Coluna Direitos e Deveres do Cidadão

Novação, Confissão e Prescrição de dívidas

João Textor
Setembro 26/ 2017

A maioria das dívidas que fazemos, a exemplo de dívidas no comércio e com bancos, possuem um prazo de prescrição de cinco anos. Após isso, prescreve o direito de o credor em exigir a dívida do devedor. No vocabulário popular, a dívida ''caduca''.

Esse prazo de cinco anos começa a contar a partir do vencimento da dívida, seja, a partir da data em que a dívida passa a ser exigível do devedor.

Contudo, é muito comum as pessoas receberem comunicados e telefonemas de instituições financeiras cobrando dívidas que já se venceram há muito mais de cinco anos. Geralmente, as propostas são aparentemente irresistíveis: cobram-se entre 5% e 10% do valor total da dívida para liquidá-la integralmente.

O devedor, surpreendido por aquela dívida, e muitas vezes tomado pelo sentimento negativo de estar inadimplente, acaba aceitando a ''proposta irrecusável'' e pagando a dívida à vista ou até mesmo em algumas parcelas, talvez sem mesmo perceber que a dívida havia ''caducado''.

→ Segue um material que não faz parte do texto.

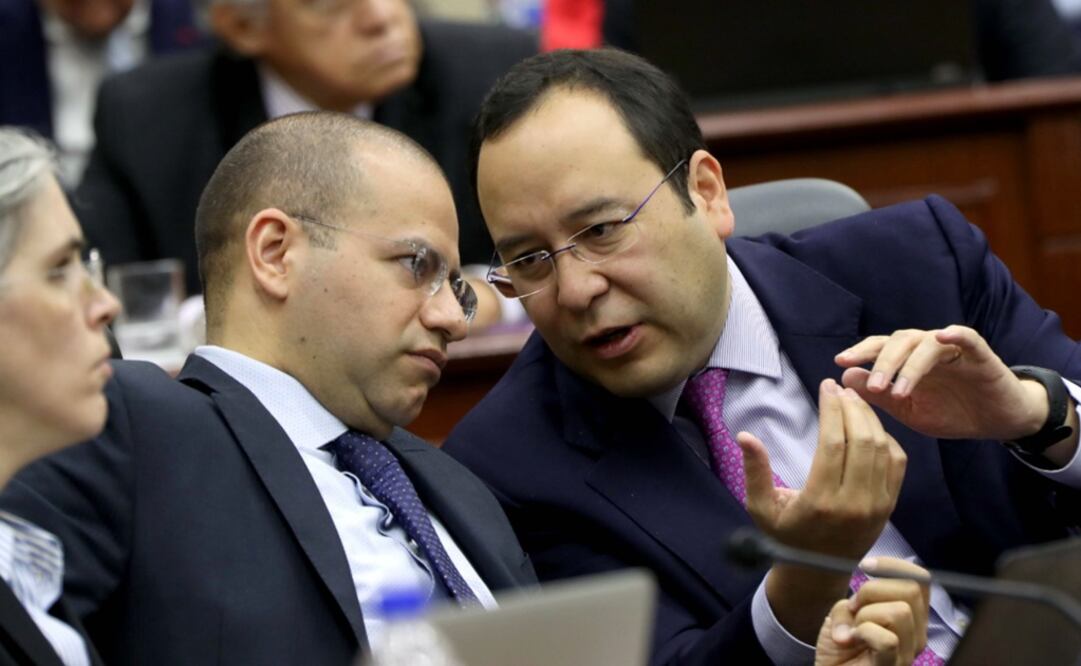 El consejero Ciro Murayama Rendón (der.) presentó el informe. Tomada de @INEMexico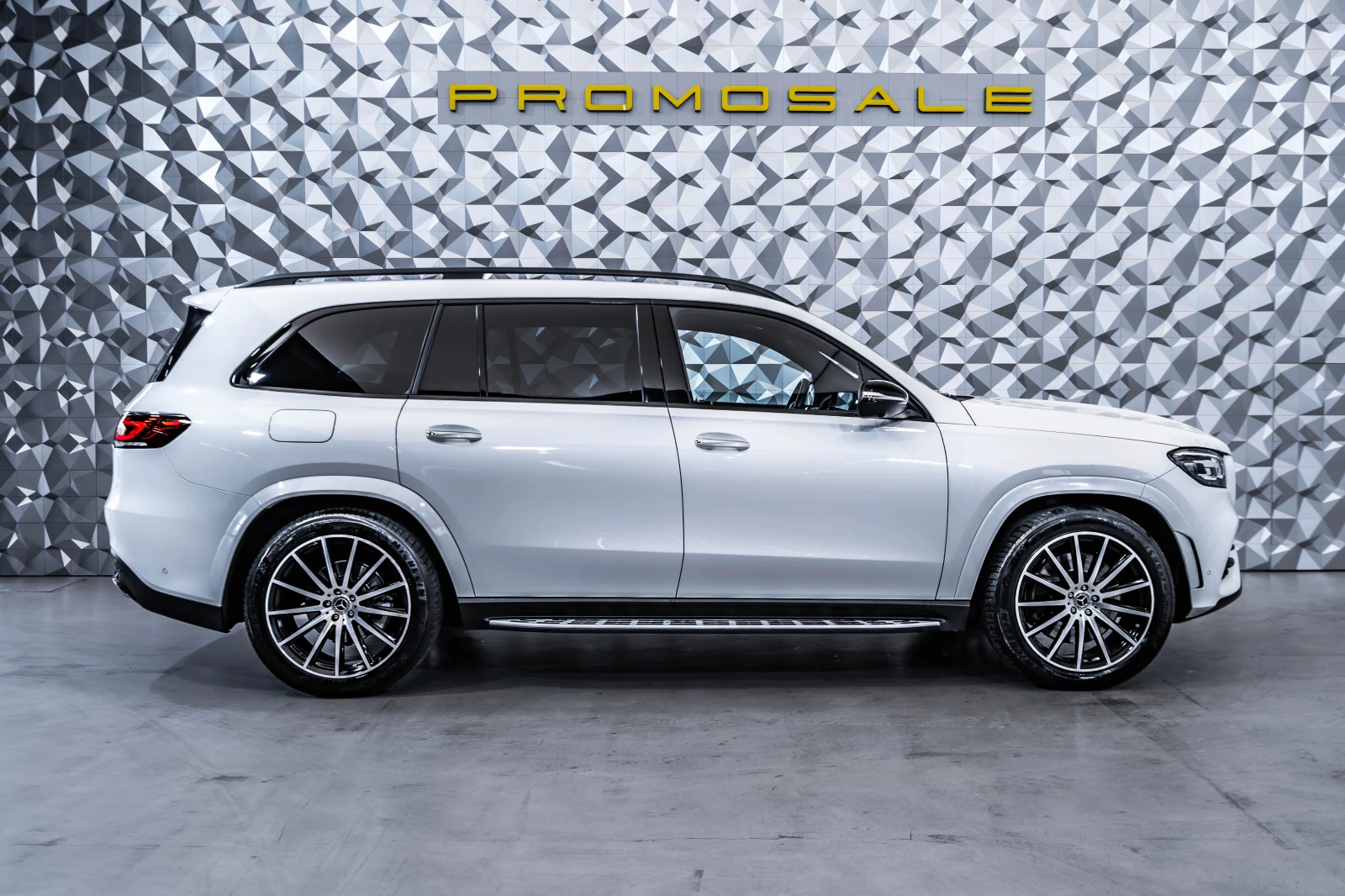 Mercedes-Benz GLS 400 d 4M AMG* Burm* Pano* NightP, снимка 6 - Автомобили и джипове - 54410748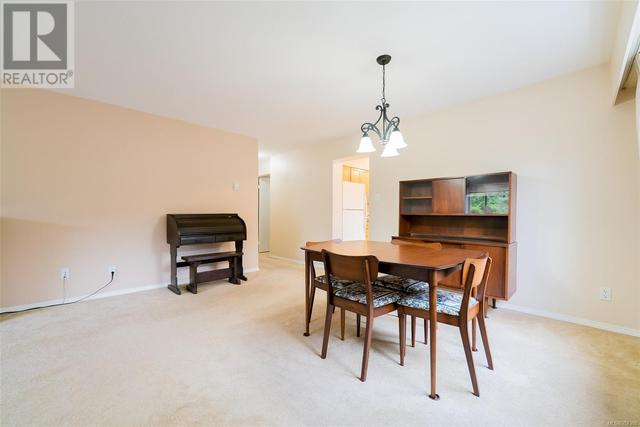 303 - 33 Mount Benson St, Condo with 2 bedrooms, 2 bathrooms and null parking in Nanaimo BC | Image 11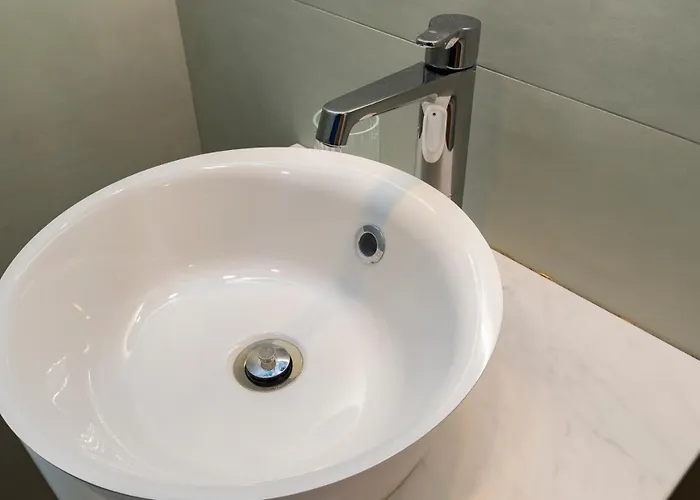 I Host - Pomponazzi Rosa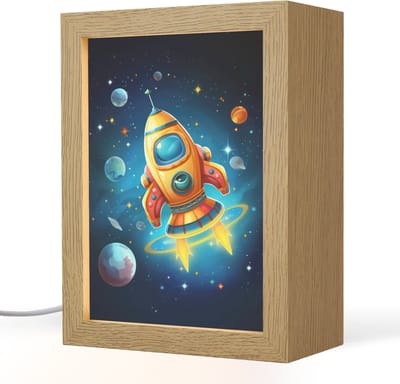 Nachtlampje 15x20 cm - Kinder lampje - Raket - Ruimte - Planeten - Kinderen - Jongen - Tafellamp kinderkamer - Slaapkamer lamp - Bedlamp kinderen - Kinderlampje stopcontact - Wandlamp babykamer - Nachtlampjes
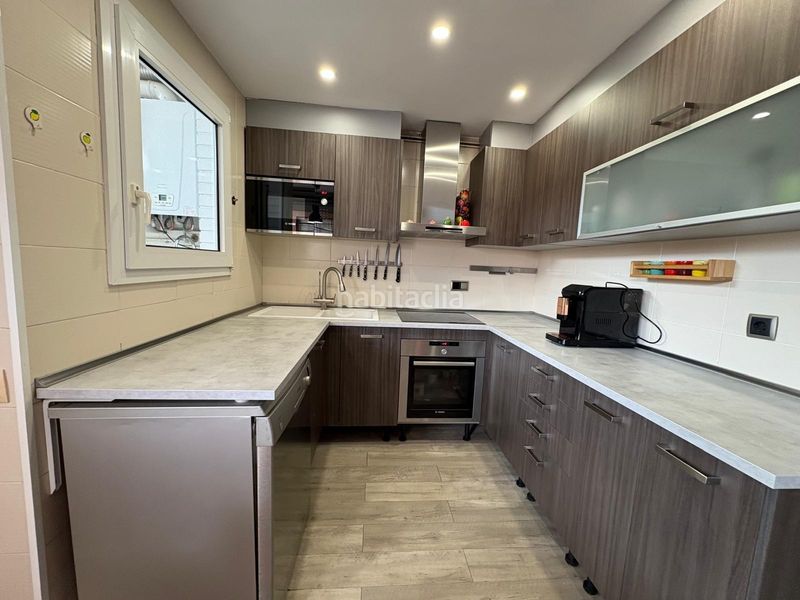 Foto b66f21fc-5078-48a7-a296-333fdc0c6b85. Casa adossada amb calefacció aparcament a Lliçà de Vall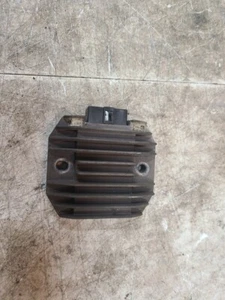 YAMAHA 700 VOLTAGE REGULATOR VENTURE 700 98 99 00 01 02 03 RW3645 - Picture 1 of 3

Ocorre que o pagamento de dívidas particulares já prescritas é válido, pois, ao pagar, o devedor estará renunciando à prescrição. O artigo 191 do Código Civil traz essa possibilidade de renúncia (chamada de renúncia tácita) dizendo que esta ocorre quando o devedor pratica um ato incompatível com a prescrição. Ou seja, o pagamento de dívida já prescrita é tido como um ato incompatível com a prescrição, concluindo-se que o devedor renunciou a ela.

Outra forma muito comum de se renunciar a prescrição é por meio da chamada novação de dívida. Novação é a substituição de uma obrigação antiga por uma nova. Extingue-se a obrigação (dívida) antiga e cria-se uma nova em seu lugar.

A novação de dívida não se confunde com a confissão de dívida. Nessa última, o devedor apenas confessa uma dívida ou obrigação existente, que continua existindo. 

No entanto, tanto na novação quanto na confissão, o prazo de prescrição recomeça a contar desde o início, mas por motivos distintos.

No caso de novação de dívida, o prazo de prescrição começará do zero a partir do vencimento dessa nova dívida.

Pode, inclusive, no Termo de Novação (documento apropriado para se novar uma dívida), conter uma cláusula de renúncia de prescrição, caso a dívida a ser substituída já tenha prescrito. A ausência dessa cláusula, no entanto, não prejudica a renúncia, que será tácita (por prática de ato incompatível com a prescrição).

No caso de confissão de dívida, no entanto, o prazo de prescrição recomeça a contar do zero em razão da interrupção da prescrição (prevista no artigo 202, inciso VI, do Código Civil). A confissão da dívida pode também ser considerado um ato de renúncia da prescrição.

Com a interrupção da prescrição, todo o tempo já decorrido em favor do devedor é desconsiderado, e o prazo recomeça a contar no mesmo dia em que se interrompeu (em regra, no dia da assinatura do Termo de Confissão de Dívida).

Sintetizando o que foi dito, podemos concluir que:

1. A prescrição pode ser renunciada de forma tácita (por meio de ato incompatível com a prescrição, como o pagamento) ou de forma expressa (concordando com a cláusula de renúncia).

2. A novação e a confissão de dívida caracterizam-se como atos contrários à prescrição, o que caracteriza sua renúncia.

3. A novação de dívida faz com que o prazo de prescrição recomece a contar do zero, por se tratar de uma dívida nova.

4. A confissão de dívida faz com que o prazo de prescrição recomece a contar do zero, em razão da interrupção do prazo de prescrição.

Então, é importante ficar muito atento ao pagar, novar ou confessar uma dívida, pois a mesma pode já estar prescrita. Contudo, se for do interesse do devedor pagá-la mesmo assim (mesmo sabendo que ela é inexigível), nada o impede de renunciar a prescrição e realizar o pagamento.

Devemos deixar claro, contudo, que esses casos de novação, confissão e pagamento de dívidas prescritas não se aplicam a dívidas tributárias (impostos, taxas etc.) já que a prescrição em matéria tributária não pode ser renunciada.

Obrigado pela leitura. Tenham uma ótima semana.